Description of the task —
What you give back from the listing below should be an exact copy of the lines from the one with "100% linen straight-leg jeans" down to the one with "VEVOR Insulated Beverage", and it should contain no pictures.

Data provided —
=====

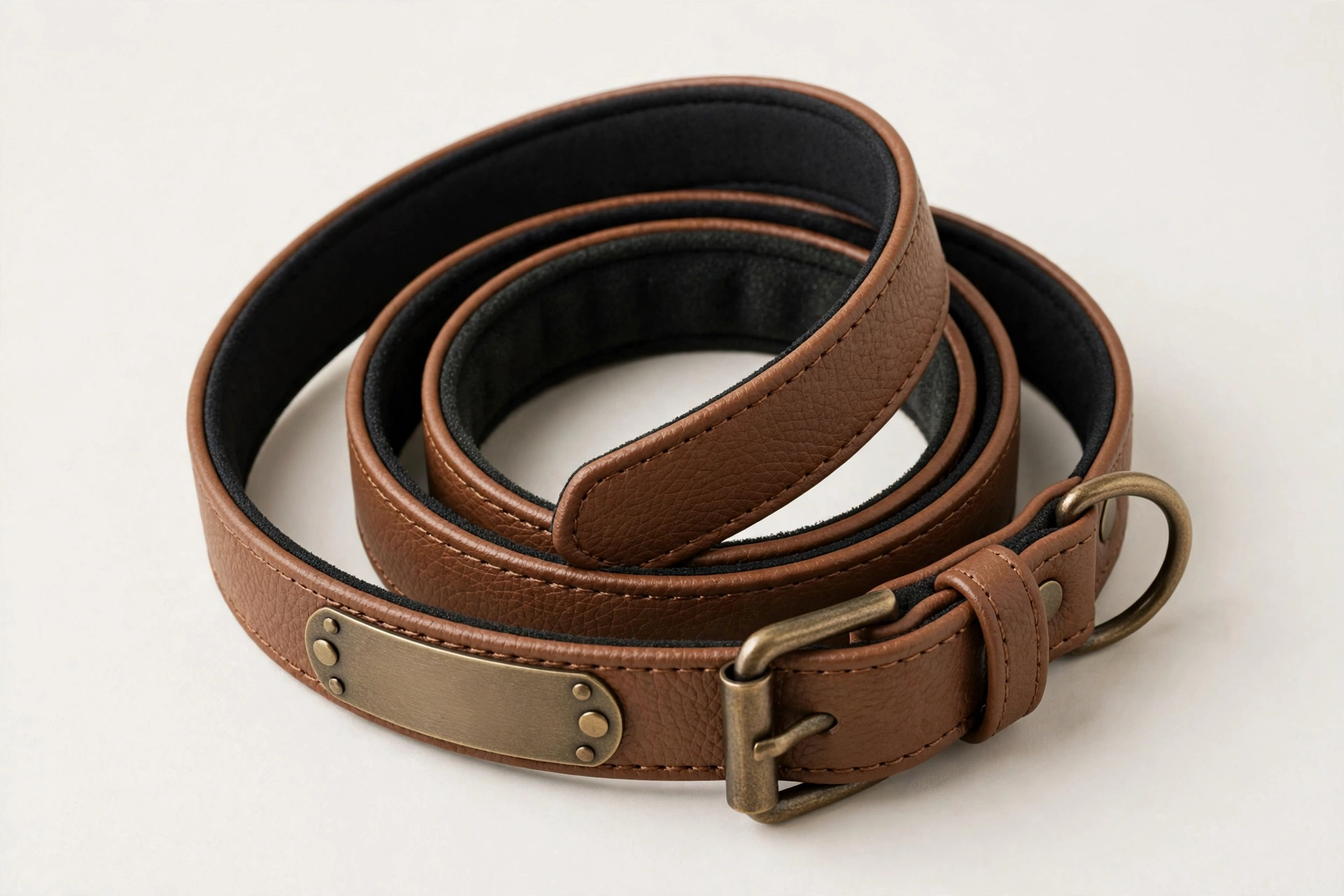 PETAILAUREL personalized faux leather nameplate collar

=====

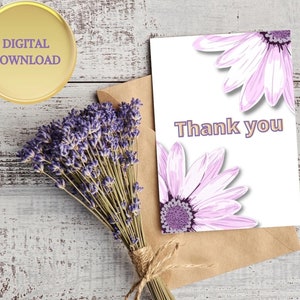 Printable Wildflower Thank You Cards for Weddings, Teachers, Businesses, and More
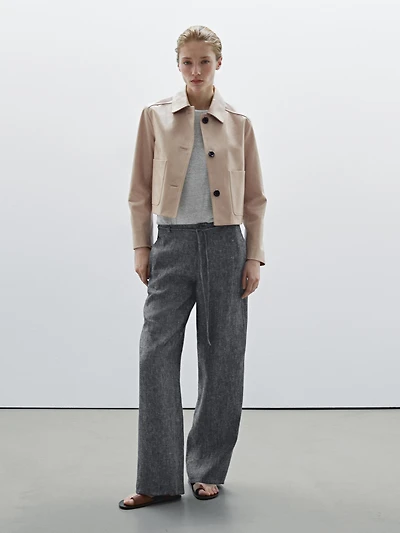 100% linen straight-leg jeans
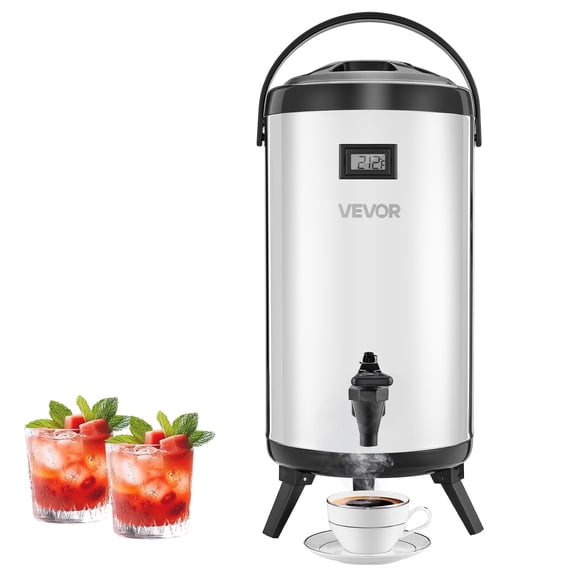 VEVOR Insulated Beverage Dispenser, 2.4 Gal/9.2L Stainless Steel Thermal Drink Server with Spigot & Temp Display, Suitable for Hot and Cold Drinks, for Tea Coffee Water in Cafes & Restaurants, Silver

=====

Response area —
 100% linen straight-leg jeans
 VEVOR Insulated Beverage Dispenser, 2.4 Gal/9.2L Stainless Steel Thermal Drink Server with Spigot & Temp Display, Suitable for Hot and Cold Drinks, for Tea Coffee Water in Cafes & Restaurants, Silver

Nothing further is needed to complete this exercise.